Among the strengths of our study is that it ascertained probands who underwent only hip arthroplasty or only knee arthroplasty, and recruited a control group that did not share a common household but was comparable in terms of age and ethnicity. We also applied a statistical analysis (SEGREG) that allowed for sibling correlations. Prior association studies of hip and knee OA compared affected and unaffected family members or siblings of affected individuals with the general population. These types of studies are more difficult to control for shared environment in families, population stratification, and/or site(s) of joint involvement.

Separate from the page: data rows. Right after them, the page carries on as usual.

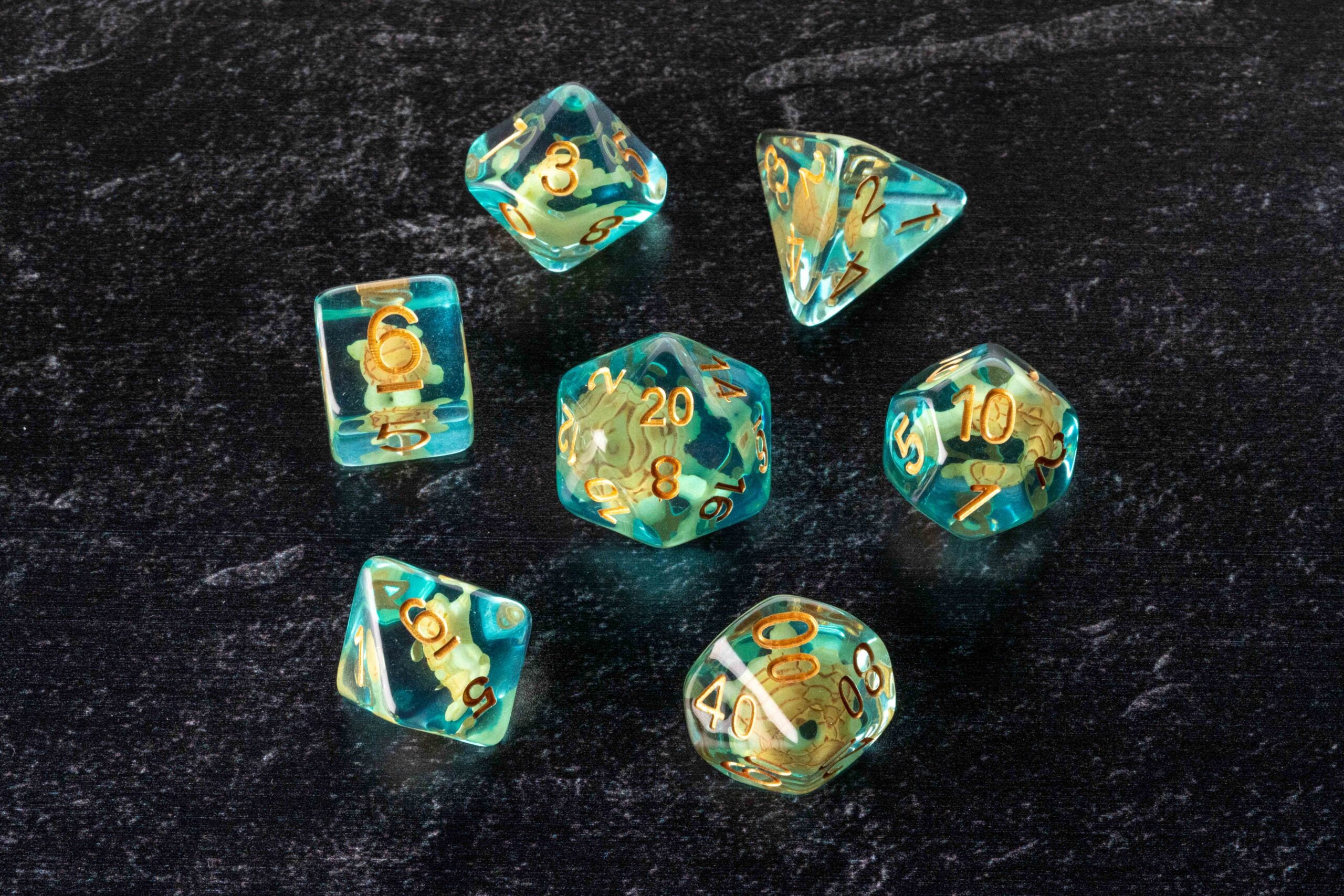 Turtle Dice 16mm Resin Poly Dice Set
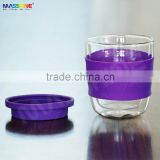 Manufacturer Borosilicate Heat Resistance Double Wall Drinking Glass Mug Cup With Silicone Cover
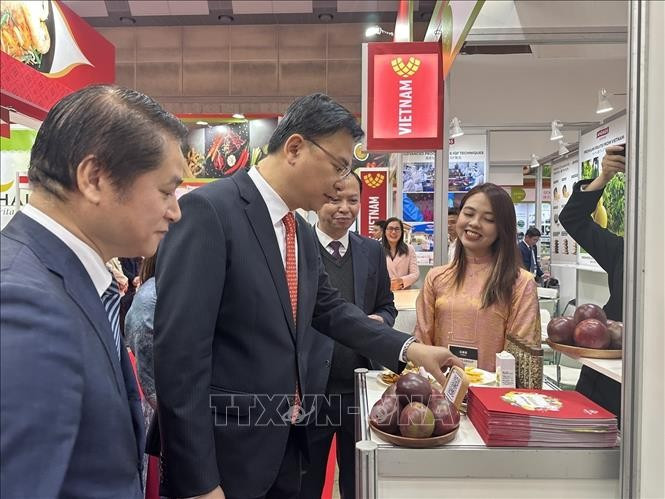Посол Вьетнама в Японии Фам Куанг Хиеу осматривает стенд, на котором представлены фрукты из Вьетнама. Иллюстративное фото: ВИА.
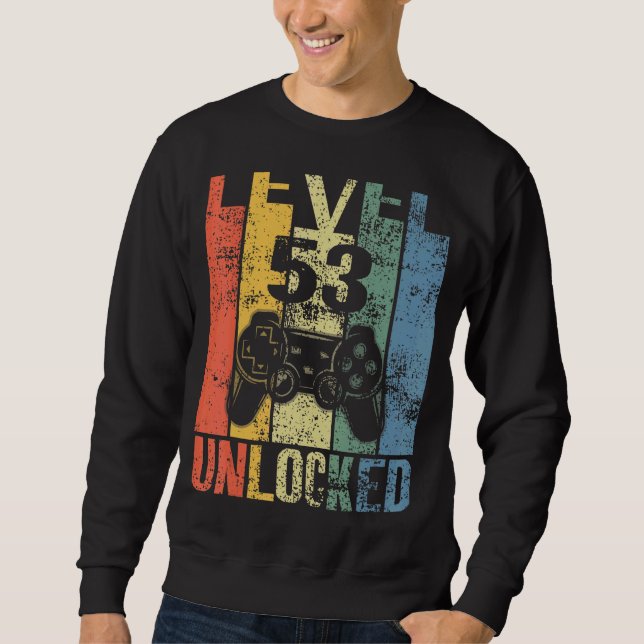 Sweatshirt Niveau 53 Déverrouillé 53e anniversaire pour les j (Devant)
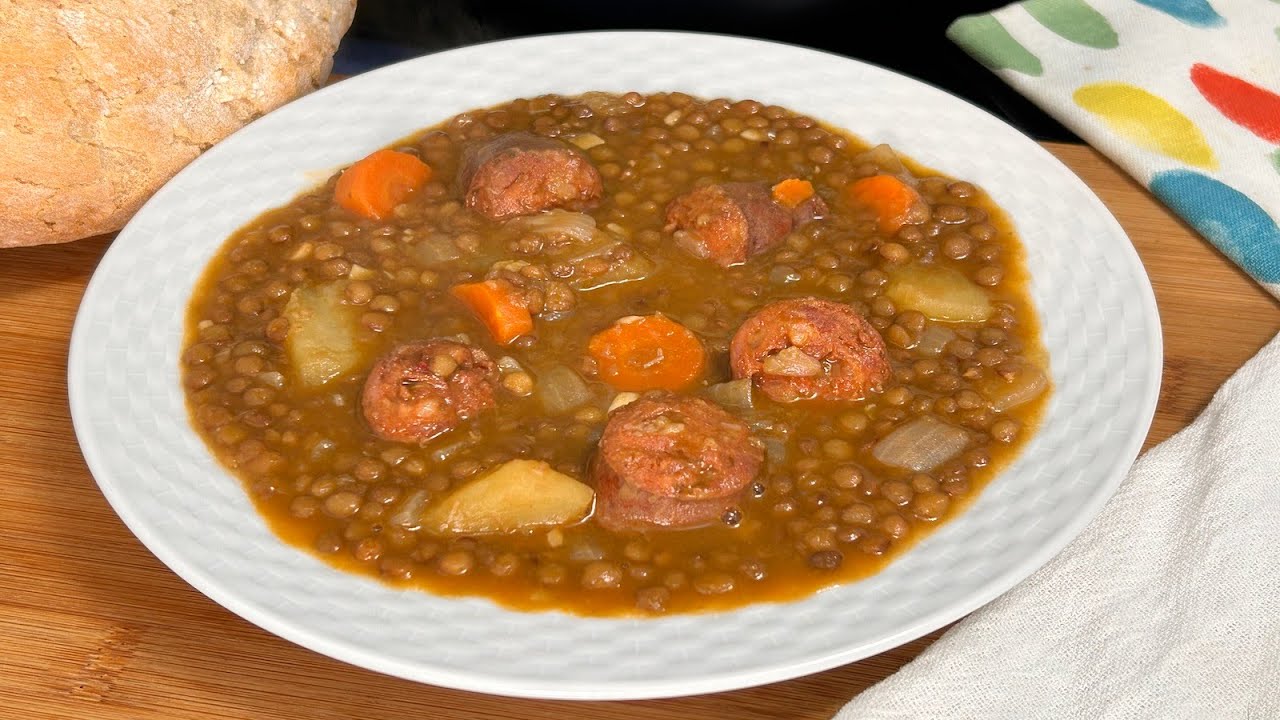 lentejas con verduras y chorizo en olla normal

The limitations of our study are that we focused solely on joint arthroplasty as a qualitative trait. Although this was a cost-effective way to identify a population over the age of 40 years that is affected with end-stage, debilitating OA, it missed the larger proportion of the population that is affected with less severe forms of the disease. Therefore, our study design was unable to determine whether other characteristics of OA, such as age of onset, degree of pain, or rate of progression to joint failure, were genetically influenced. Although we were able to confirm the diagnosis of idiopathic OA in the probands by reviewing radiographs and performing physical examinations, we were unable to do this for all of their or their spouses' affected siblings. However, telephone interviews with the affected siblings supported the accuracy of the probands' and their spouses' recollections when describing the age, site, and reason for arthroplasty in the siblings. Finally, our study cohorts comprised US residents from northeast Ohio who have diverse ethnic/geographic ancestries, and findings may be different in other populations.